Like the title says, is there any way to name variables (i.e., lists) used within a nested list comprehension in Python?
I could come up with a fitting example, but I think the question is clear enough.
Here is an example of pseudo code:
[... [r for r in some_list if r.some_attribute == something_from_within_this_list comprehension] ... [r for r in some_list if r.some_attribute == something_from_within_this_list comprehension] ...]

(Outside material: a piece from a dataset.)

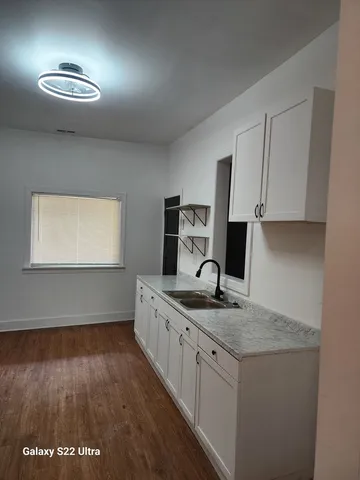 a kitchen with a sink cabinets and wooden floor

Is there any way to avoid the repetition here and simply add a variable for this temporary list only for use within the list comprehension?
CLARIFICATION:
The list comprehension is already working fine, so it's not a question of 'can it be done with a list comprehension'. And it is quicker than it's original form of a for statement too, so it's not one of those 'for statements vs list comprehensions' questions either. It is simply a question of making the list comprehension more readable by making variable names for variables internal to the list comprehension alone. Just googling around I haven't really found any answer. I found this and this, but that's not really what I am after.
Based on my understanding of what you want to do, No you cannot do it.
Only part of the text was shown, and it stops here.